Fried oysters and spicy dressing make this recipe a wonderful entrée salad.
Fried Oyster Salad with Spicy Rémoulade Dressing
Makes 4 Servings
Ingredients
- Vegetable oil, for frying
- ½ cup all-purpose flour
- ½ cup yellow cornmeal
- 1 teaspoon kosher salt
- 1 teaspoon garlic powder
- 1 teaspoon onion powder
- ¼ teaspoon cayenne pepper
- 24 fresh oysters, shucked and drained
- 6 cups fresh spring mix lettuces
- 1 cup halved grape tomatoes
- ¼ cup thinly sliced red onion
- Spicy Rémoulade Dressing (recipe follows)
Spicy Rémoulade Dressing
- ¾ cup mayonnaise
- 1 tablespoon Creole mustard
- 1½ teaspoons paprika
- 1 teaspoon prepared horseradish
- 1 teaspoon fresh lemon juice
- 1 teaspoon dill pickle juice
- 1 teaspoon hot sauce
- ½ teaspoon Creole seasoning*
- 1 clove garlic, minced
Instructions
- In a heavy-bottomed skillet, pour oil to a depth of 2 inches, and heat over medium heat until a deep-fry thermometer registers 350°.
- In a medium bowl, stir together flour, cornmeal, salt, garlic powder, onion powder, and cayenne until combined. Dredge oysters in flour mixture, shaking off excess.
- Fry until golden brown, about 3 minutes. Remove oysters using a slotted spoon, and let drain on paper towels.

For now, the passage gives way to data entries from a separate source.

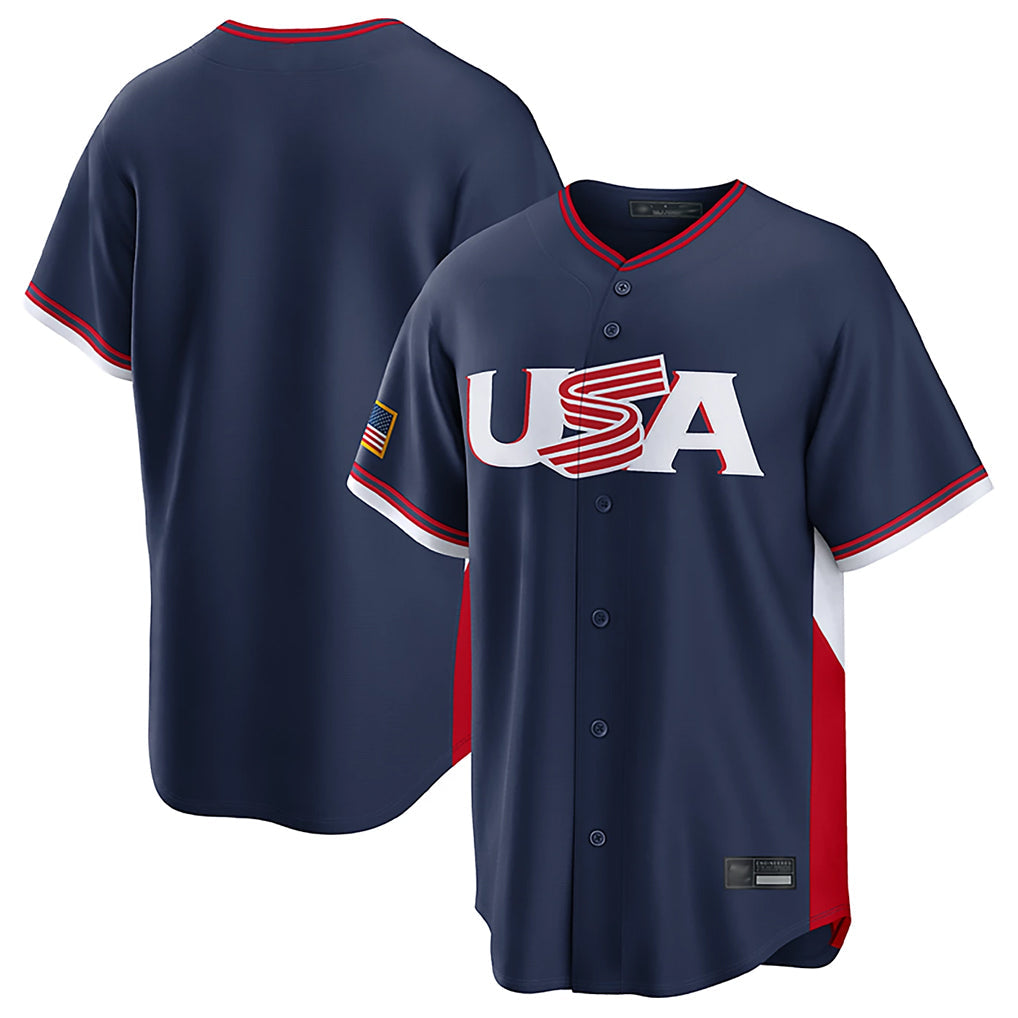 Kooe S.Mariners Blank Player Navy USA 2026 World Classic Road Stitched Jerseys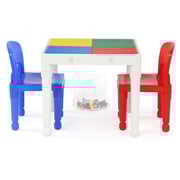 Tot Tutors 2-in-1 Plastic Lego Compatible Activity Table With 2 Chairs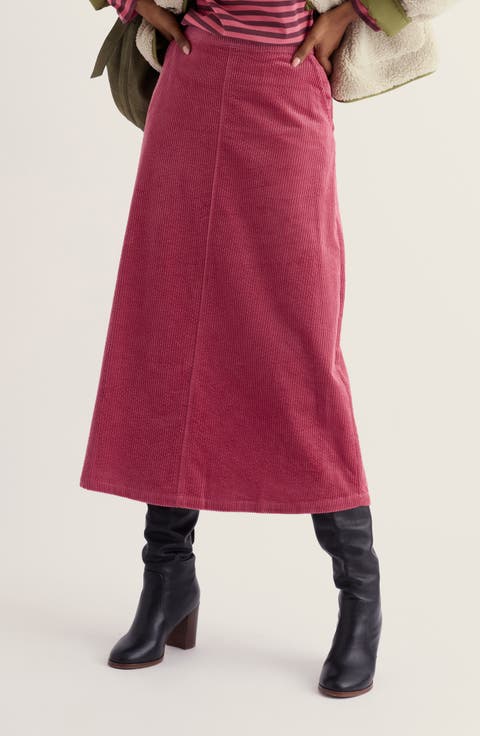 Window Wren Organic Cotton Corduroy Midi Skirt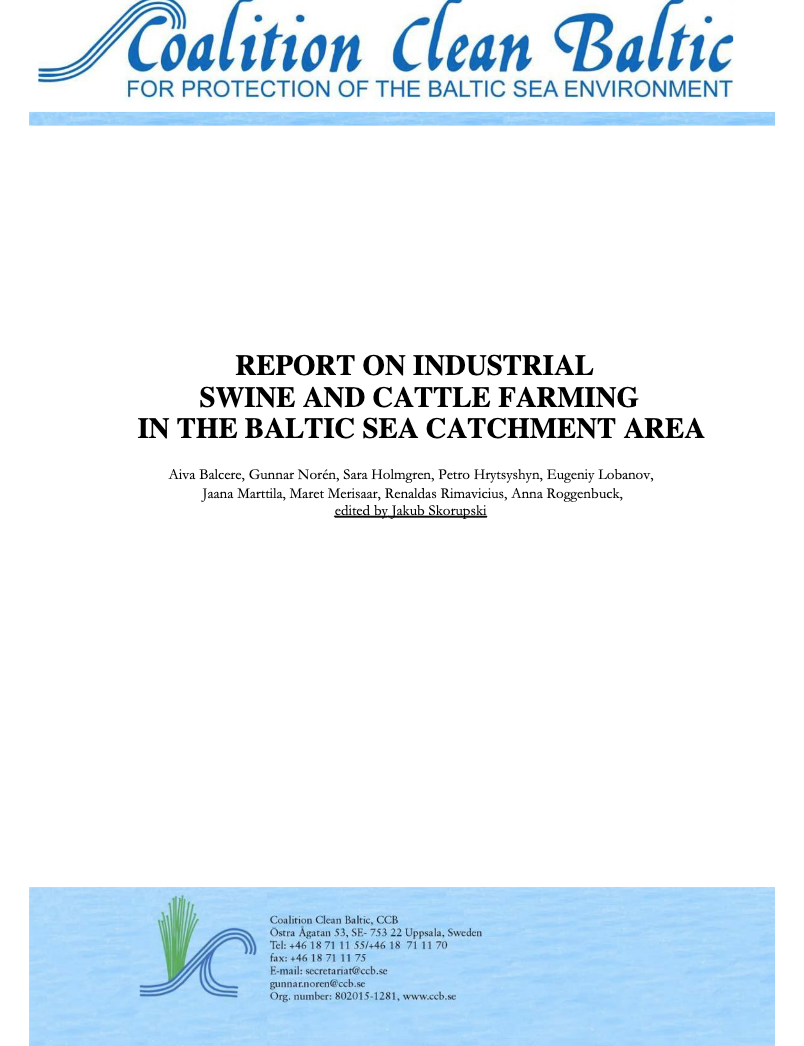 Report on Industrial Swine and Cattle Farming in the Baltic Sea Catchment Area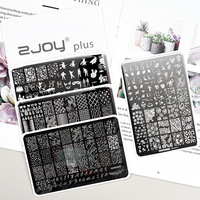 YULI KY-802 9.5X14.5cm Grande plaque de tamponnage pour nail art, motifs feuilles, fleurs, géométriques, pochoirs de graffitis pour impression de vernis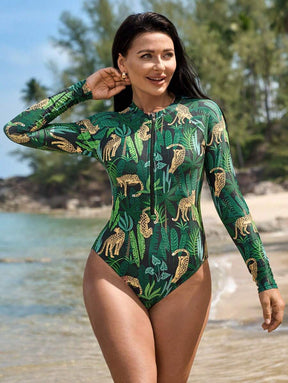 Maiô UV Jungle Wild Manga Longa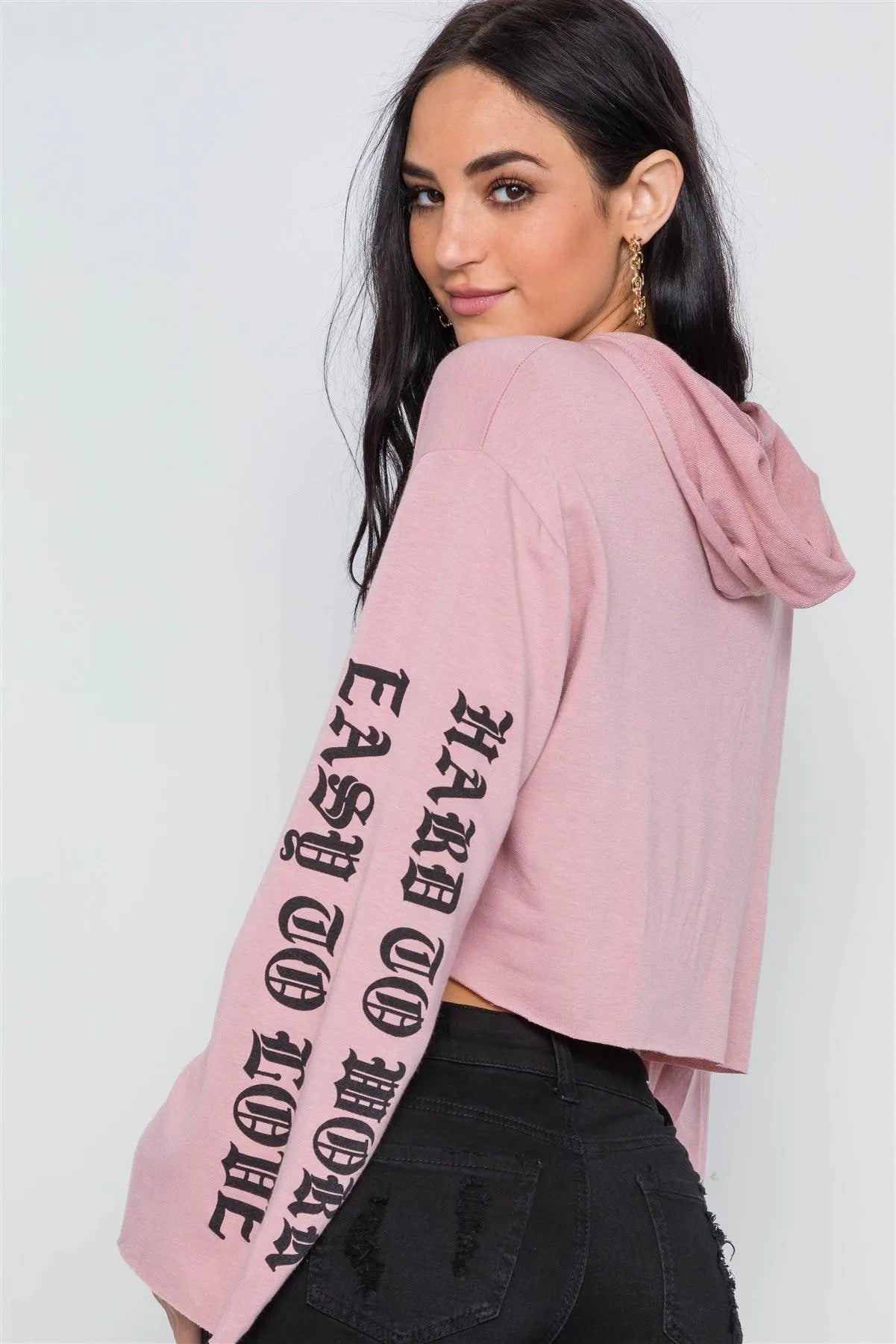 Mauve Graphic Print Long Sleeves Hooded Crop Top /2-2-2 - Tasha Apparel Wholesale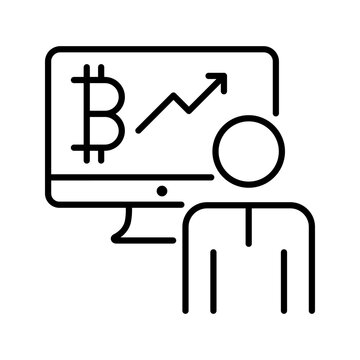 Cryptocurrency broker icon. Business and financial services line symbol. Black and white.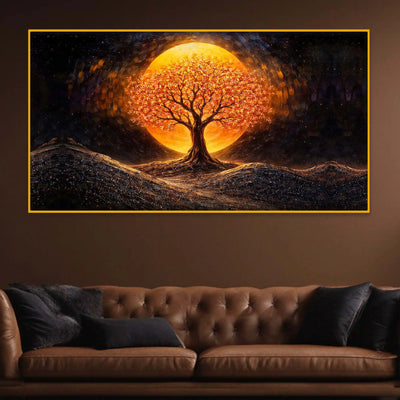 Elegant Tree of Life Crystal Glass Painting for Living Room
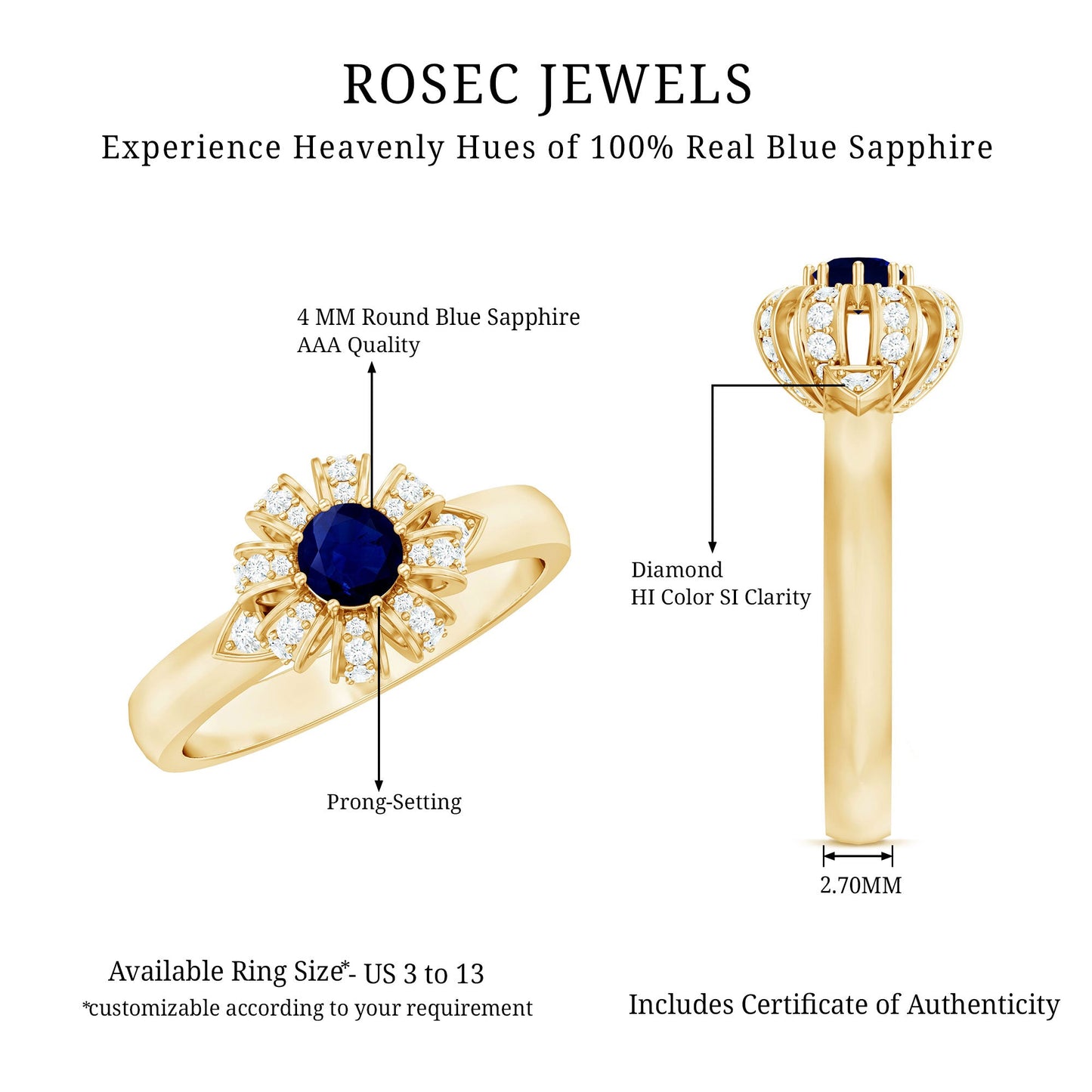Real Blue Sapphire Flower Engagement Ring with Diamond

- Divide greens, tomatoes, and red onion among 4 plates. Top with fried oysters. Drizzle with Spicy Rémoulade Dressing.
Spicy Rémoulade Dressing
- In a medium bowl, stir together all ingredients until well combined.
Notes
*We used Tony Chachere’s Original Creole Seasoning.